Митя и барон переглянулись.
— Ты, Митя, свободен, — сказала Ружа. — Ты не лошадь, и я не путы на твоих ногах. Пошел за мной — я довольна, уйдешь — сама справлюсь с бедой.
— Это по-цыгански, — одобрил ее слова барон. — Но не о тебе, Ружа, речь идет, о Мите. Одиноких в городе много, затеряется он среди них, душа его окостенеет, и многие ужаснутся от этого.
— Какая тебе, дадо, забота о них? Своих забот много, и дел не перечесть. Ты ведь уедешь, я знаю. Больше тебя здесь ничего не держит.
Барон кивнул.
— Уеду.
— Возьми Рубинту с собой. Не хочу, чтобы она в городе оставалась. Там она не пропадет. А здесь?.. Я останусь… Я должна остаться.

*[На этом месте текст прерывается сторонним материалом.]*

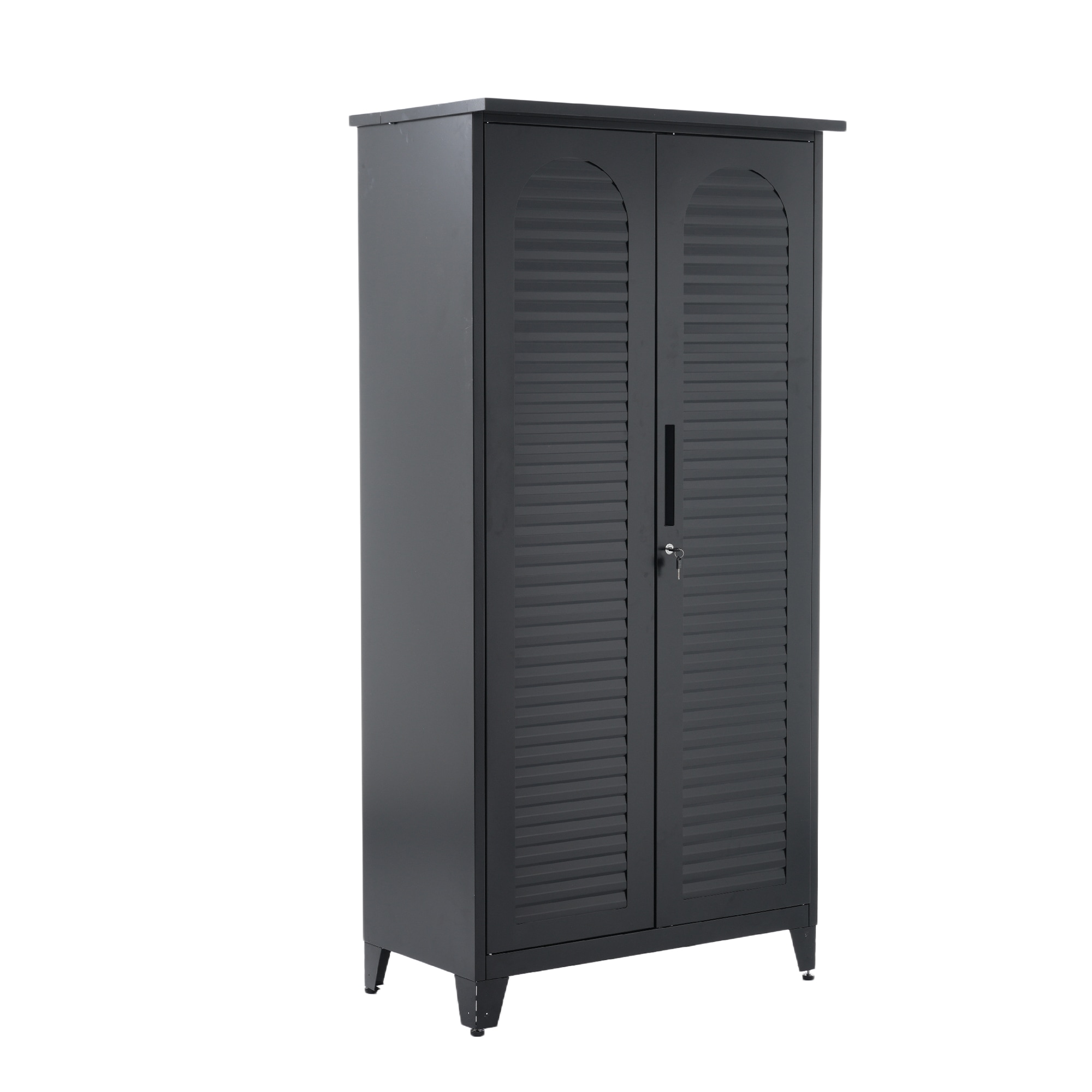 【国内発送 無-送料】136【ブラック】物置 収納庫 屋外 大型 倉庫 室外収納庫 屋外収納キャビネット 両開きドア 物置き台 収納ボード付き・収納ポール・タオル掛け付き・鍵付き・ 掃除用具ロッカー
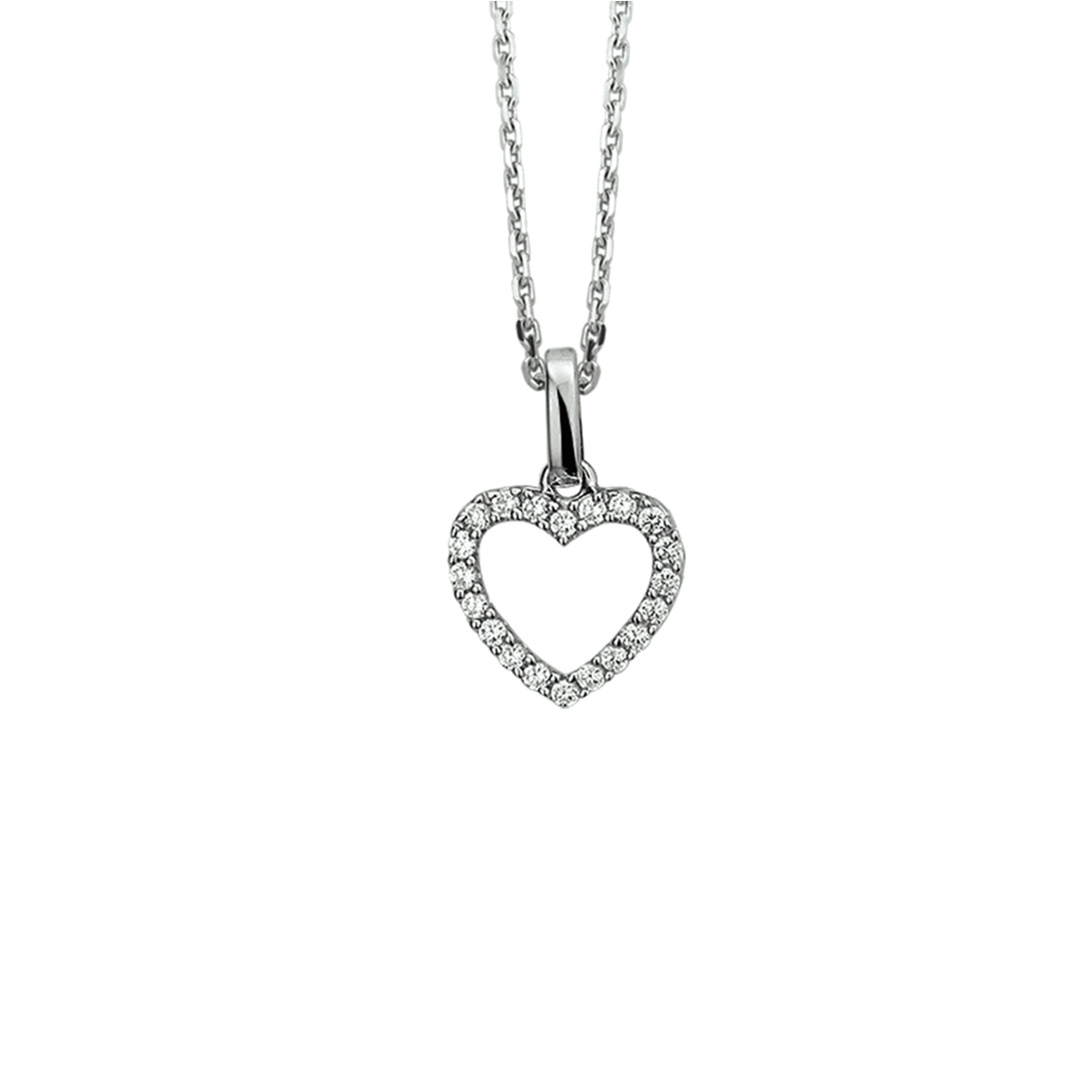 Het Exclusief zilveren collier met modelnummer 1322501 is een prachtige ketting met een briljante, transparante edelsteensnede. Deze rhodiumgeplateerde zilverkleurige ketting is nikkelvrij en heeft een glanzende afwerking. Met een hoogte en breedte van 13 mm en een lengte van 450 mm, is het perfect voor elegante gelegenheden of dagelijks gebruik.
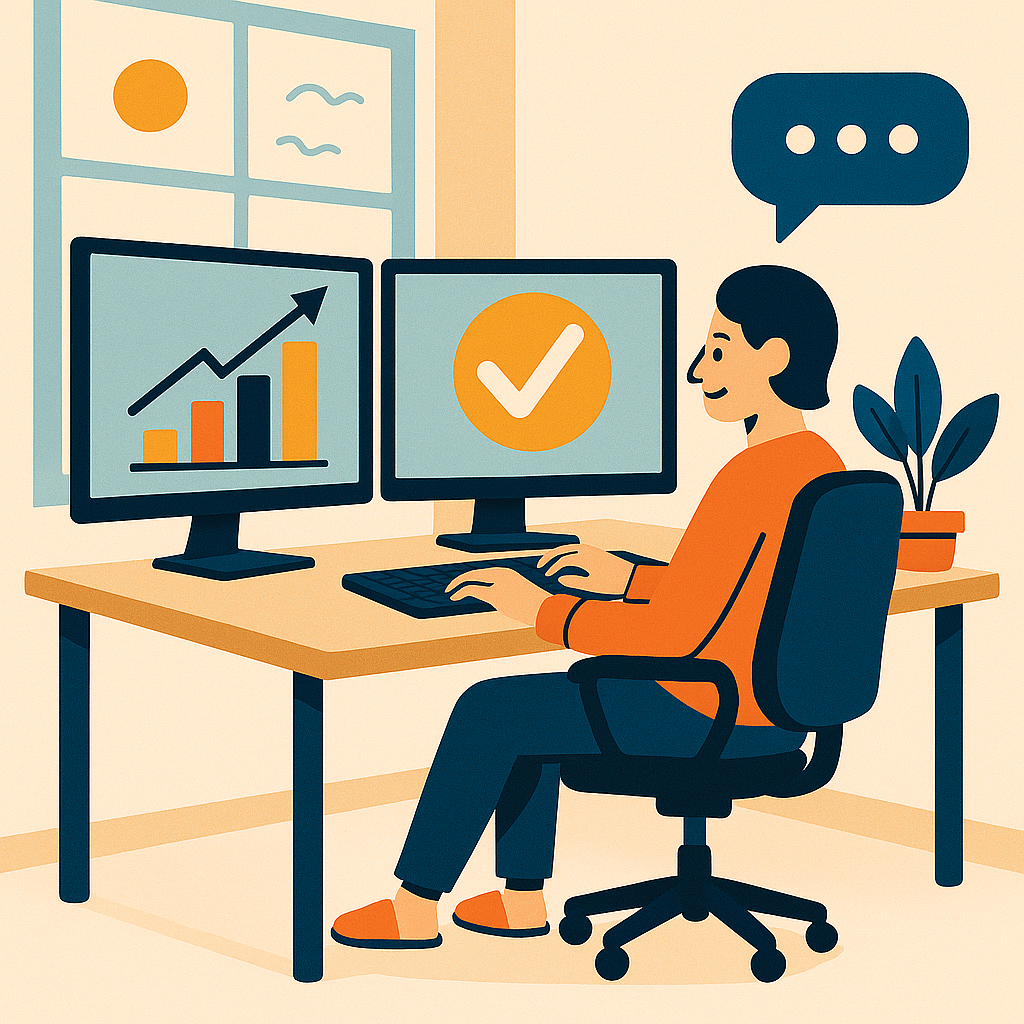 A bright, well-organized home office with dual monitors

— Что ты задумала, Ружа? — спросил барон. — Не нравится мне это.
— Разве вы послушаете меня, вам всё предсказания нужны, а если кто ошибется, вы его к смерти приговариваете. Человек разве не может ошибиться? Должна я здесь кое-что разузнать, и, если то, что мне кажется, верно, многие спасутся.
— Говори! — приказал барон. — Все, что знаешь, мне говори.
— Ладно, только тебе одному и скажу. Митя не в счет. Он никому не проговорится. К старухе, у которой я живу, многие люди приходят. По разным делам. Известное дело — гадалка знаменитая. Недавно была у нее одна женщина, свои женские дела выпытывала, а старуха с ней разговорилась. Та женщина не знает, что старуха — цыганка, она думает: сербиянка. А муж у той женщины в прокуратуре работает. Она и подслушала разговор мужа с каким-то человеком. Те на нее и внимания не обратили. Сидели, выпивали и разговаривали. А женщина слушала. И потом все старухе-гадалке и выложила. Бог мой, если это так, то надо что-то предпринимать…
— О чем речь идет, не пойму я? — сказал барон. — Говори ясней.
— Говорила та женщина, что скоро всех цыган, кто в уголовных делах замешан, выбьют. Без суда и следствия.
— Как это выбьют? — переспросил барон. — Что мелешь?
— А так. Есть у них какие-то спецбригады, которые занимаются такими делами. Суды завалены, не успевают разгребать все, что к ним попадает. Тюрьмы переполнены… Или сам не знаешь, что сейчас творится? Вот и решили они пойти по легкому пути, без лишнего шума избавиться от тех, кто мешает. Чтобы не судить, не рядить, а убивать.
— Брехня, — не поверил барон. — Не пойдут они на такое.
— Это может быть, — сказал Митя. — От них можно всего ждать. А что конкретно сказал эта женщина?